- [Problem] Return verbatim the line containing "Custom Hawaii Hoodie" together with all lines that follow it in the records, and no other material.
******************************
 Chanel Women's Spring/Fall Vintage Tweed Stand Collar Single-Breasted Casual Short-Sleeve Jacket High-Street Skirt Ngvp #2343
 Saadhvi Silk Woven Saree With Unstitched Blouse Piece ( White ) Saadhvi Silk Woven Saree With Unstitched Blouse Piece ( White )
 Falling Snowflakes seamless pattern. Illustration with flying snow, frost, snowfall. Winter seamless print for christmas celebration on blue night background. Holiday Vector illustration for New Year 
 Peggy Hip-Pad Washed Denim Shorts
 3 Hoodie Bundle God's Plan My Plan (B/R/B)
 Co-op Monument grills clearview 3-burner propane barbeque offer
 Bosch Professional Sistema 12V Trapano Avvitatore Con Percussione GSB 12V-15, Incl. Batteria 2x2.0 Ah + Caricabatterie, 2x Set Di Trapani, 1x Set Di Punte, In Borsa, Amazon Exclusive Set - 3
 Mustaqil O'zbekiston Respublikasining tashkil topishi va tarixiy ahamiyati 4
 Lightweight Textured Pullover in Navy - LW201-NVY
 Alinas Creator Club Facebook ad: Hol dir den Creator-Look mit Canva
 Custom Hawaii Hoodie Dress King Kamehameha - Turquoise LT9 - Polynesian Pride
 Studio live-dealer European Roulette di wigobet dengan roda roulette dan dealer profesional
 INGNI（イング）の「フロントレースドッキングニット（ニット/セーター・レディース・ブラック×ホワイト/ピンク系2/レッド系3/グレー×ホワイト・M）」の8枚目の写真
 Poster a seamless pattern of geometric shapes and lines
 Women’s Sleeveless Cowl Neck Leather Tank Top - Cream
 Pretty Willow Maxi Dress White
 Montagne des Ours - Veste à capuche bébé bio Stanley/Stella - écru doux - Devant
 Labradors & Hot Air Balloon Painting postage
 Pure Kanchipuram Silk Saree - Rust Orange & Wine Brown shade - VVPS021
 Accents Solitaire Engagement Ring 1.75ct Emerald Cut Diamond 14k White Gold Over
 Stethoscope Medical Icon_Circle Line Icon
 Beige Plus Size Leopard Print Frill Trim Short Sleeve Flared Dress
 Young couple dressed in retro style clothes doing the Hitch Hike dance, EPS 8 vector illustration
******************************
- [Written answer]
 Custom Hawaii Hoodie Dress King Kamehameha - Turquoise LT9 - Polynesian Pride
 Studio live-dealer European Roulette di wigobet dengan roda roulette dan dealer profesional
 INGNI（イング）の「フロントレースドッキングニット（ニット/セーター・レディース・ブラック×ホワイト/ピンク系2/レッド系3/グレー×ホワイト・M）」の8枚目の写真
 Poster a seamless pattern of geometric shapes and lines
 Women’s Sleeveless Cowl Neck Leather Tank Top - Cream
 Pretty Willow Maxi Dress White
 Montagne des Ours - Veste à capuche bébé bio Stanley/Stella - écru doux - Devant
 Labradors & Hot Air Balloon Painting postage
 Pure Kanchipuram Silk Saree - Rust Orange & Wine Brown shade - VVPS021
 Accents Solitaire Engagement Ring 1.75ct Emerald Cut Diamond 14k White Gold Over
 Stethoscope Medical Icon_Circle Line Icon
 Beige Plus Size Leopard Print Frill Trim Short Sleeve Flared Dress
 Young couple dressed in retro style clothes doing the Hitch Hike dance, EPS 8 vector illustration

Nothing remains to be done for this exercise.